Dans ces conditions, les analystes des agences de notation se contentent de suivre l'opinion du marché, en particulier l'évolution des Credit Default-Swaps (les assurances contre le défaut des Etats souverains). Que peuvent-elles apporter de plus, pour des titres que des milliers d'analystes et d'opérateurs de marché scrutent en permanence? Et agrémentent cela, pour avoir l'air sérieux, de quelques opinions dans la ligne de la pensée conventionnelle du moment. L'avis de Moody's sur la France relève de cette catégorie: les problèmes qu'ils décrivent étaient là il y a 10 ans, période durant laquelle le gouvernement français a conservé sa meilleure note auprès de cette agence. Pourquoi s'en inquiéter maintenant plutôt que l'an dernier, ou l'année prochaine?

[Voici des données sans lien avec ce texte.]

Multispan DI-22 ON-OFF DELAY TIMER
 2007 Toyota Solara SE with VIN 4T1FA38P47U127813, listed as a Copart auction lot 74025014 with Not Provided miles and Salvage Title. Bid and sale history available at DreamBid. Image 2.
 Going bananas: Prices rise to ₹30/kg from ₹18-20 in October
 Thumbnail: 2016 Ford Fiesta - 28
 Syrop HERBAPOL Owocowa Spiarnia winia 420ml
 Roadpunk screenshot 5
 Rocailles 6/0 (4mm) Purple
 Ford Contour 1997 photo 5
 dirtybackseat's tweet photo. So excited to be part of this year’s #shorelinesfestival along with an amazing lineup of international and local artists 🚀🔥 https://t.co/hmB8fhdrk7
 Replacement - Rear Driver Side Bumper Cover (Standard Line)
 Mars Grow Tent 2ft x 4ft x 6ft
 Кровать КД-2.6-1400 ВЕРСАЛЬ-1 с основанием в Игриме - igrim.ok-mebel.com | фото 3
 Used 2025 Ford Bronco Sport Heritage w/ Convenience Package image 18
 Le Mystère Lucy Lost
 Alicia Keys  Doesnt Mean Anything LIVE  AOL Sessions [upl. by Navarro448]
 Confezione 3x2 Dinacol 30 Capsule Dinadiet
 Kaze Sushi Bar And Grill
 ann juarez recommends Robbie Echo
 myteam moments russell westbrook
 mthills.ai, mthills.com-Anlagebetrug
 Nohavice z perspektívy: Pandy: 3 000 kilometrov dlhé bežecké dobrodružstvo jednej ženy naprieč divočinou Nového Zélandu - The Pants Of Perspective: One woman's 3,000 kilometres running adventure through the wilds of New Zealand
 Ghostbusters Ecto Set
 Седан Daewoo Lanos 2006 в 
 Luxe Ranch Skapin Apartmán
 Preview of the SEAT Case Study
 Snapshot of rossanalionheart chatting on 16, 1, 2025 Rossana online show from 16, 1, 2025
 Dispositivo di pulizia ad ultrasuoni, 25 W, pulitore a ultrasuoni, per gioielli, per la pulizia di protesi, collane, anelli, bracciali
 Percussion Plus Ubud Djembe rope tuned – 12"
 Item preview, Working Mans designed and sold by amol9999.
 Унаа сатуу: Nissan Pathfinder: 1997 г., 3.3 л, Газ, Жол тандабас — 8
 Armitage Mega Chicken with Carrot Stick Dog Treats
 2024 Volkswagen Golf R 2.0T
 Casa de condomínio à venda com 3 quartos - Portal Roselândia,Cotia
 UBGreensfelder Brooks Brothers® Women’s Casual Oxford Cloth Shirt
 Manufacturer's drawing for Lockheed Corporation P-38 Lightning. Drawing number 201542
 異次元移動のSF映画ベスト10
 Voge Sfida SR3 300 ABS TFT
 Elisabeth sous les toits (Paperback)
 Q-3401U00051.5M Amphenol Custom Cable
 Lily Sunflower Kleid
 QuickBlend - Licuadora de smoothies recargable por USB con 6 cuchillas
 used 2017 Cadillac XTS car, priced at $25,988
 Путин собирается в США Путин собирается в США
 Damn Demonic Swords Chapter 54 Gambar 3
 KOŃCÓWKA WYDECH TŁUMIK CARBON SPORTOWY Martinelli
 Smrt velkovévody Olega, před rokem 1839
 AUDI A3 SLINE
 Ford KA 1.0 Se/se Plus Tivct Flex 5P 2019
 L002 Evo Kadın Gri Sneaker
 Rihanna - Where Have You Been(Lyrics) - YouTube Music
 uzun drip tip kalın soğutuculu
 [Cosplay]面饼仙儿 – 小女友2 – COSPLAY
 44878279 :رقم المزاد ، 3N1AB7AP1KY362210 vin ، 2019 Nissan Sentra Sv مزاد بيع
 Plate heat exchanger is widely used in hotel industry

C'est que la perte d'influence qu'elles subissent, la perte de crédibilité après qu'elles aient noté triple A les actifs les plus improbables de la période des subprimes, les conduit à chercher les feux de l'actualité. Un peu comme ces starlettes sur le retour qui s'affichent régulièrement avec un nouveau compagnon dans des boîtes de nuit branchées pour refaire la une de la presse people, les agences de notation dégradent les gouvernements pour que l'on continue de leur faire un peu de publicité gratuite. Mais le fait est que les marchés ont accueilli la nouvelle de la dégradation de la note française sans la moindre réaction: la technique fonctionne de moins en moins bien.